One that jumps out for how close it came to FIU having the ball with a chance to tie came with the Panthers down 60-58 in the final minute. With the shot clock a dribble from done, fifth-year senior Trey Freeman fired up an off-balance jumper from about 16 feet. FIU Arena exulted at the miss, then groaned as Old Dominion redshirt sophomore Brandan Stith grabbed his sixth offensive rebound.
Freeman eventually got fouled and dropped in two free throws, creating a two-possession game with 34.4 seconds left. That wounded FIU. A three-point shot by FIU junior Jason Boswell got in the basket, did a lap around the inside of the hoop, then hopped out to Stith. That killed the Panthers.
That was Stith’s lone defensive rebound to go with his six offensive rebounds. That left him one behind Monarchs junior Denzell Taylor, who pulled down seven of his game-high 11 rebounds at the offensive end.
If you want to go by the theory that in a close game, all possessions matter, Taylor beat FIU for just as important an offensive rebound in the first half. Old Dominion (12-10, 5-4) packed five points of a 7-0 run into one trip down the court.
As Aaron Bacote lofted a one-hander over FIU senior center Adrian Diaz, the Panthers’ Daviyon Draper got called for a foul inside that gave the Monarchs the ball back after the basket. A Taylor offensive rebound reset the offense for Ahmad Caver’s three-pointer.

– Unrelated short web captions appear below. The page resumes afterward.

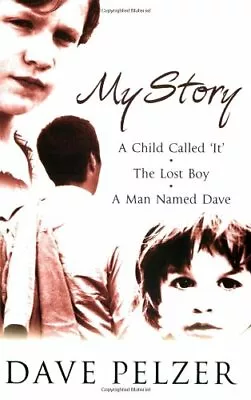 My Story: A Child Called It The Lost Boy A Man Na... By Pelzer Dave Paperback • $8.23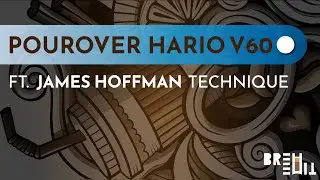 Pourover Coffee with BREWTIME || Percolation Brew || James Hoffman Recipe || Hario V60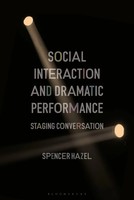 Spencer Hazel | Social Interaction And Dramatic Performance | Buch | Englisch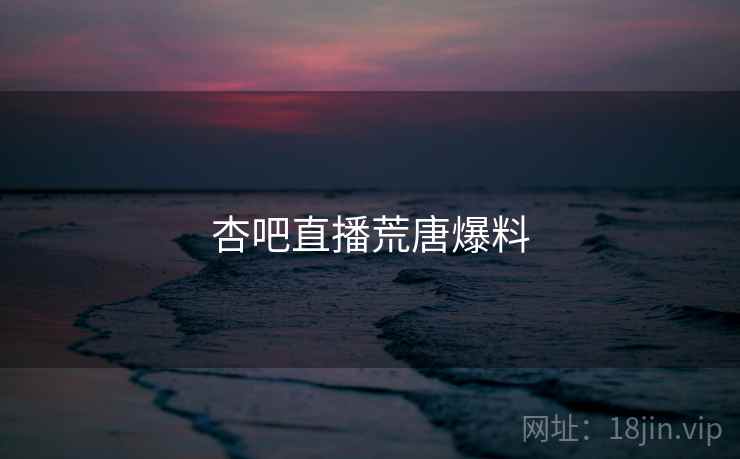 杏吧直播荒唐爆料 杏吧直播荒唐爆料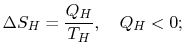 $\displaystyle \Delta S_H = \frac{Q_H}{T_H},\quad Q_H <0;$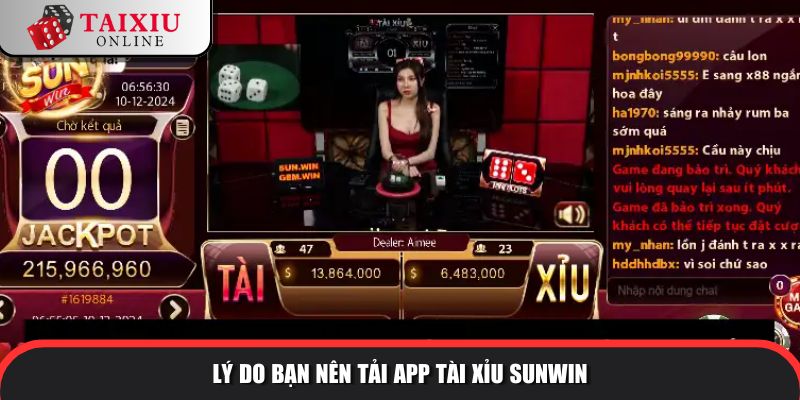 ly do app tai xiu sunwin 826 Ưu điểm tuyệt vời khi tải app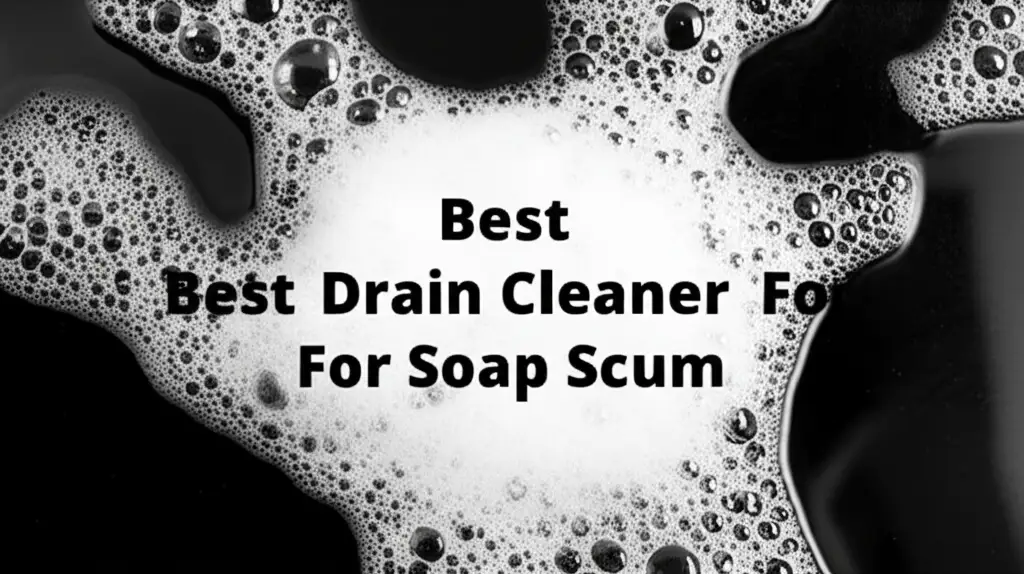 Tired of slow drains from soap scum? We tested dozens of cleaners to find the best drain cleaner for soap scum, so you can restore flow fast. Find your perfect match now.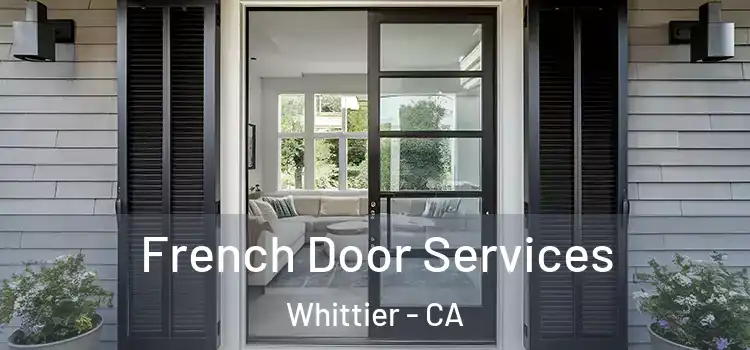 French Door Services Whittier - CA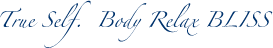 True Self.Body Relax BLISS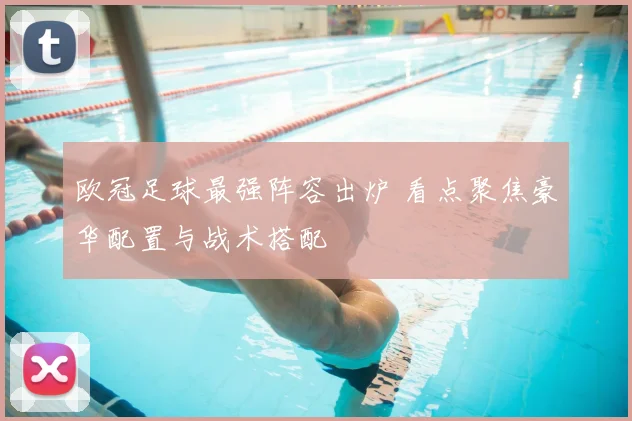 欧冠足球最强阵容出炉 看点聚焦豪华配置与战术搭配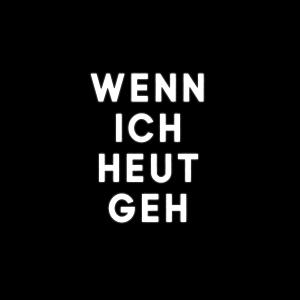 ดาวน์โหลดและฟังเพลง WENN ICH HEUT GEH พร้อมเนื้อเพลงจาก Siul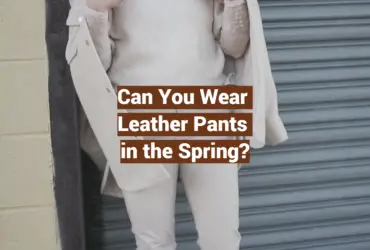 Can You Wear Leather Pants in the Spring?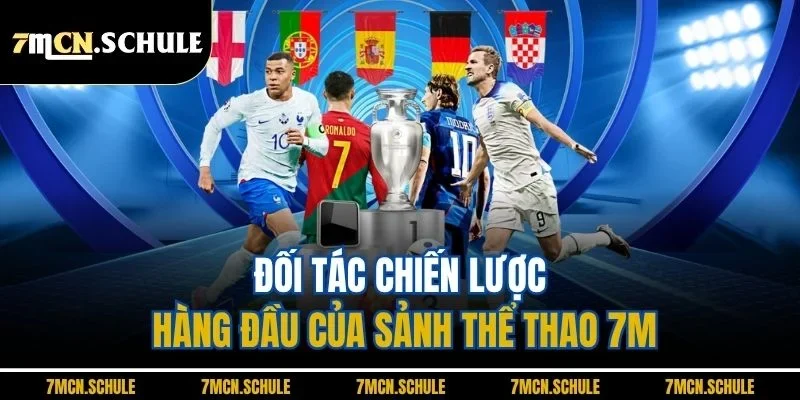 Thể Thao 7M - Cập Nhật Tin Tức Nhanh, Bắt Kèo Chuẩn Xác 39 Đối tác chiến lược hàng đầu của sảnh thể thao 7M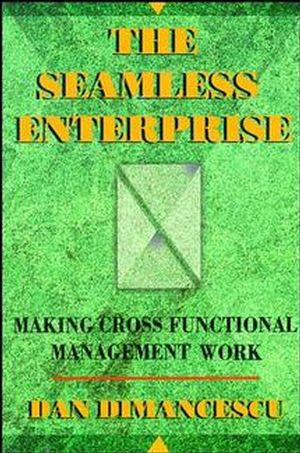 The Seamless Enterprise: Making Cross-Functional Management Work (0471131938) cover image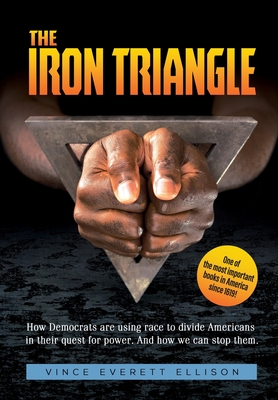 The Iron Triangle: Inside the Liberal Democrat Plan to Use Race to Divide Christians and America in their Quest for Power and How We Can - Vince Everett Ellison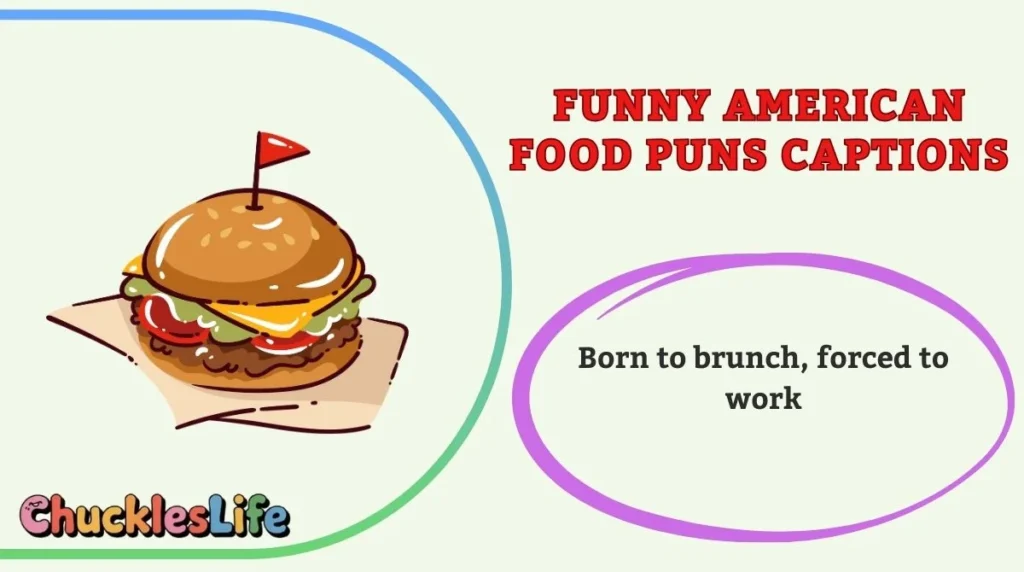 Funny American Food Puns Captions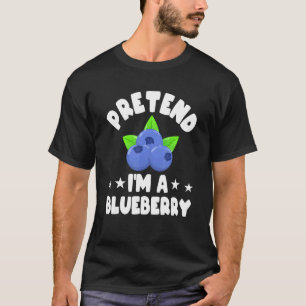 Pretending I'm A Blueberry Costume  Blueberry T-Shirt
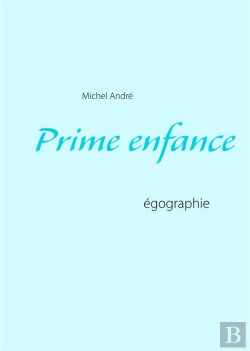 Bertrand.pt - Prime Enfance ; Égographie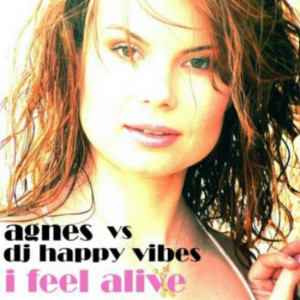 收聽Agnes的I Feel Alive (Casco Edit)歌詞歌曲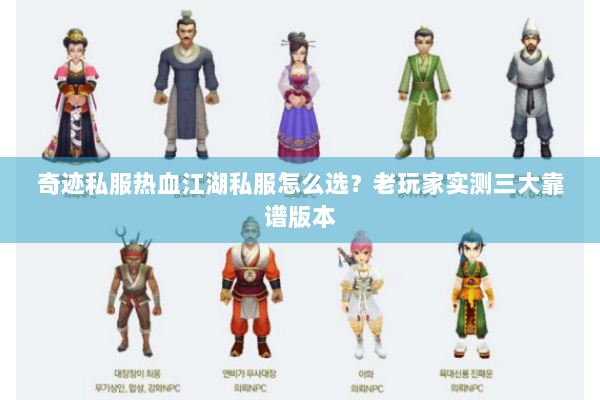 奇迹私服热血江湖私服怎么选？老玩家实测三大靠谱版本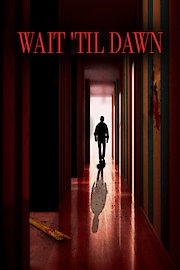 Wait 'Til Dawn poster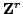 $ \mathbb{Z}^r$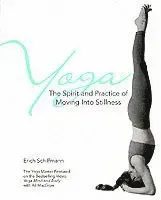 Yoga The Spirit And Practice Of Moving Into Stillness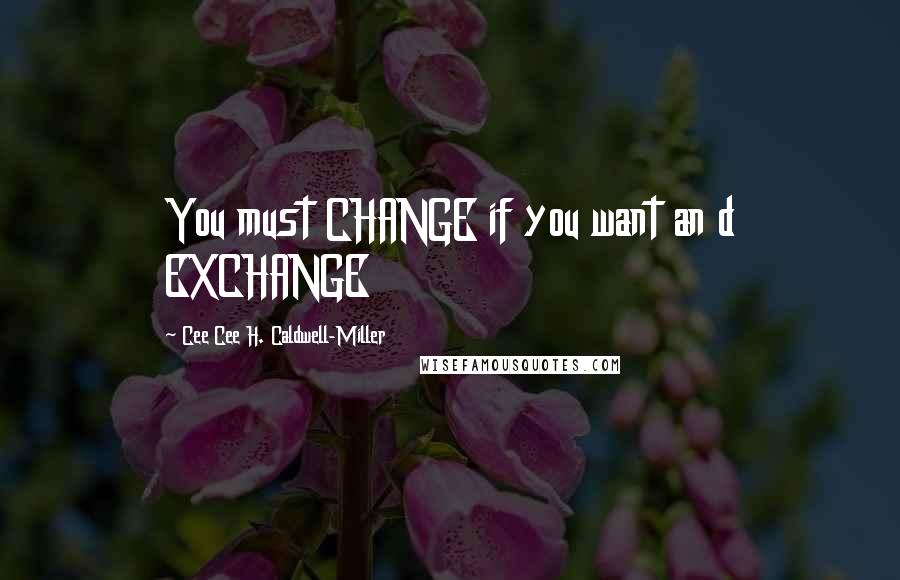 Cee Cee H. Caldwell-Miller Quotes: You must CHANGE if you want an d EXCHANGE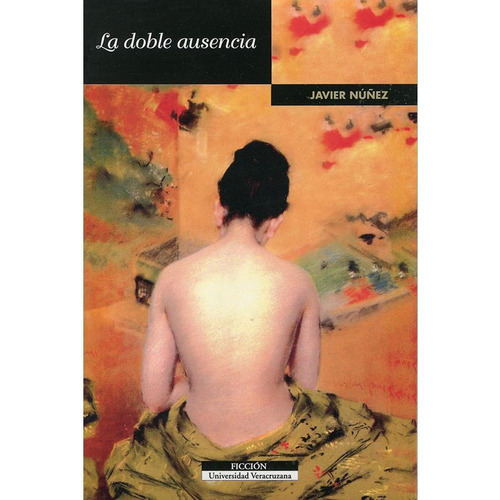 La Doble Ausencia, De Núñez , Javier.. Editorial Universidad Veracruzana, Tapa Pasta Blanda, Edición 1 En Español, 2013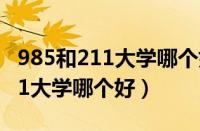 985和211大学哪个好 有什么区别（985和211大学哪个好）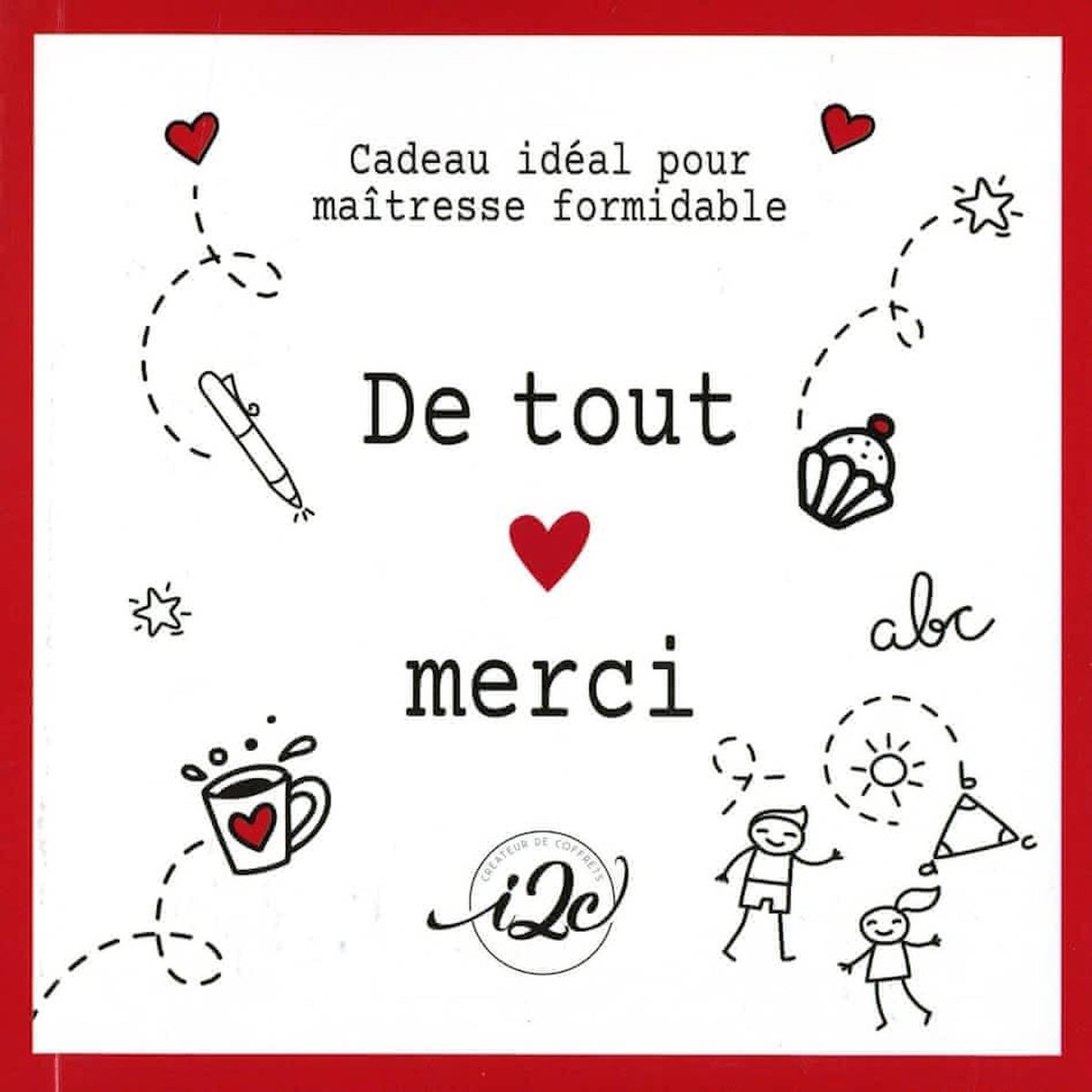 DE TOUT MERCI. CADEAU IDEAL POUR MAITRESSE FORMIDABLE. AVEC 1 MUG, I2C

In stark contrast, Diaz’s game totals on the boards read three offensive, zero defensive. Diaz’s team-high 21 points came off 8-of-11 shooting from the field and 5 of 7 from the line.
“Scoring points is fun, but I want to help the team win,” Diaz said. “Tonight, I should’ve helped rebound more.”
Unlike Diaz’s efficient 21 points, Freeman took 29 shots for his game-high 25 points. Aside from a first-half mini-spurt, FIU kept Freeman tepid after three consecutive 28-point games for him.
“We tried to mix it up,” Evans said. “We played some zone so we could have some coverage behind him when he came off the screen, so there were two guys there. But, obviously, he’s a good player. He shot 29 shots. He’s a good mid-range shooter. Those shots were going in. You have to live with that.”